Animals exposed to all concentrations of HCl had minimal to mild rhinitis, which occurred in the anterior portion of the nasal cavity and was dose and time related. Mice also developed varying degrees of cheilitis with accumulations of haemosiderin-laden macrophages involving the perioral tissues at 50 ppm. At all exposure concentrations mice developed oesinophilic globules in epithelial cells lining the nasal turbinates after 90 days of exposure. The No Observed Adverse Effect Concentration (NOAEC) for systemic effects was determined to be 20 ppm (approximately 30 mg/m3) based on decreased body weight following exposure to 50 ppm. No NOAEC for local effects was established as irritant/corrosive effects were observed at all dose levels tested.

References

Alexander G.B., Heston W.M. and Iler R.K. (1954) J. Phys. Chem., 58, 453.

Cotton F.A. and Wilkinson G. (1999) Advanced Inorganic Chemistry, 6thEdition, p271

ECETOC (2006) Synthetic Amorphous Silica (CAS No. 7631 -86 -9), JACC REPORT No. 51

Elmer and Nordberg (1958) J. Am.Chem. Soc., 41, 517

Goto K. and Okura T. (1953) Kagaku, 23, 426.

Holleman-Wiberg, (2001) Inorganic Chemistry, Academic Press, p. 865

Iler, Ralph K. (1979) The Chemistry of Silica: Solubility, Polymerization, Colloid and Surface Properties and Biochemistry of Silica, Wiley, p. 13.

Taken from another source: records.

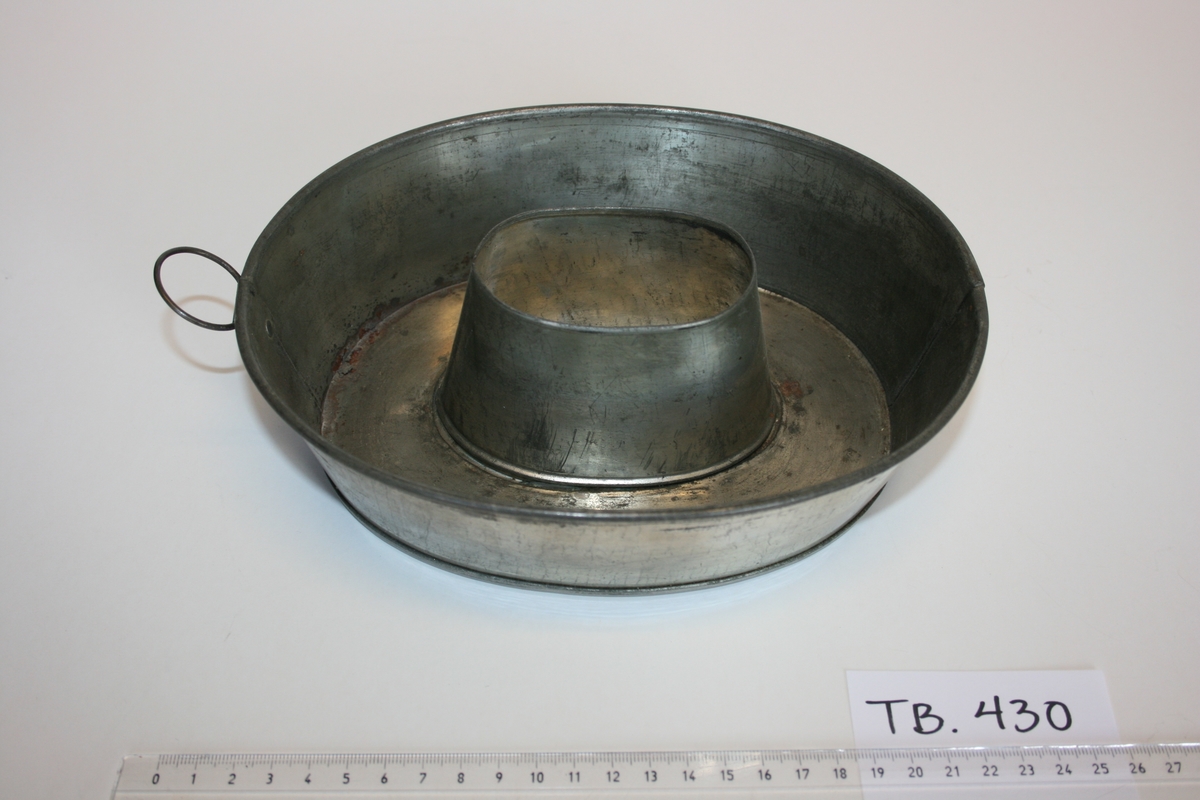 Den ovale puddingformen er svakt konisk og har flat bunn med et ovelt hull med mål B: 5 cm og L: 8 cm. 
Produktet er et bikksmedarbeid.
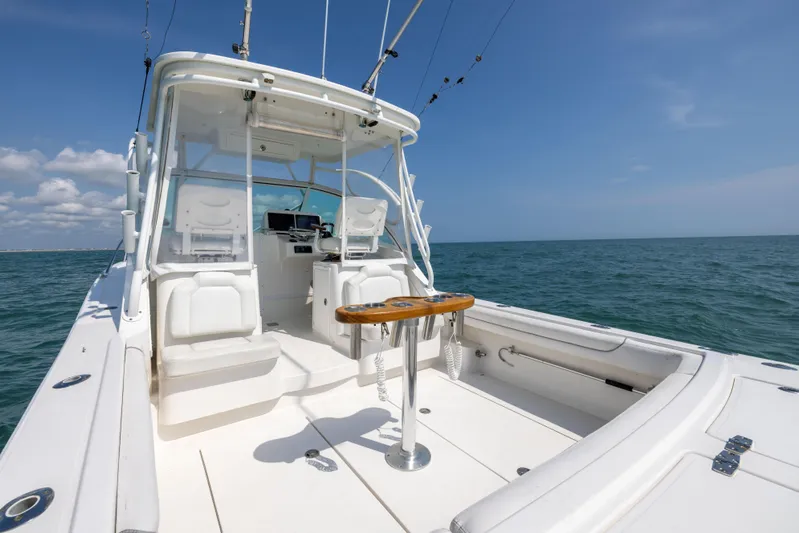  Yacht Photos Pics 2018 Albemarle 27 Express boat on open sea, featuring spacious deck and helm.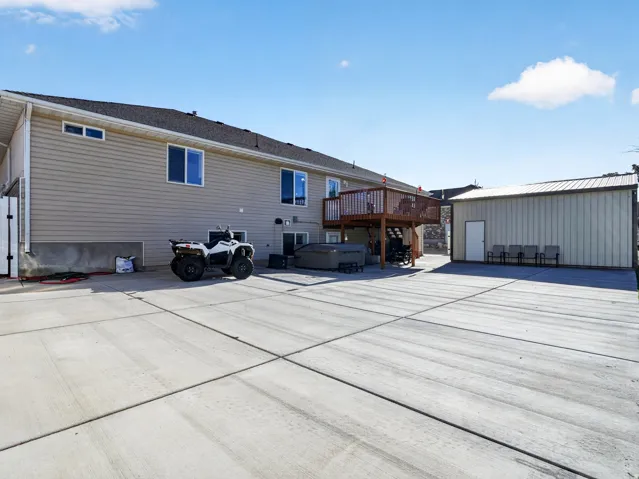Expansive concrete patio with a hot tub and a separate detached shed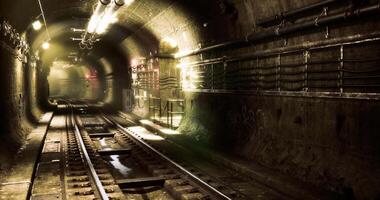 CGI Dark underground tunnel with illuminated tracks and pipes in the background video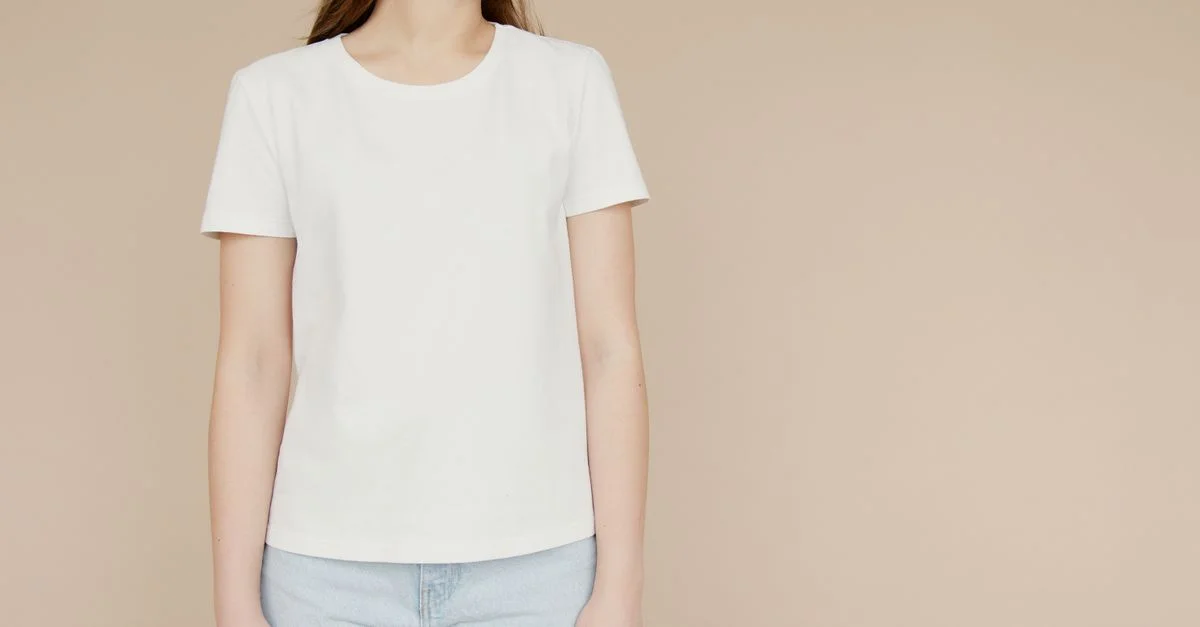 Mockup de una mujer en una camiseta blanca y jeans sobre un fondo beige, ideal para branding de moda.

Jones, R. G., Wataru, A., and Chojnowski, J. (2000) Silicon-Containing Polymers: The Science and Technology of Their Synthesis, Kluwer Academic Press pp168-169

Merck Index (2013) Monograph Number. 8639 (15th Ed)


Justification for classification or non-classification

Based on the available read-across data from the hydrolysis products insoluble polysilicic acid [equivalent to synthetic amorphous silica (SAS)] and hydrogen chloride, hexachlorodisilane does not require classification for specific organ toxicity following repeated administration according to Regulation (EC) No. 1272/2008.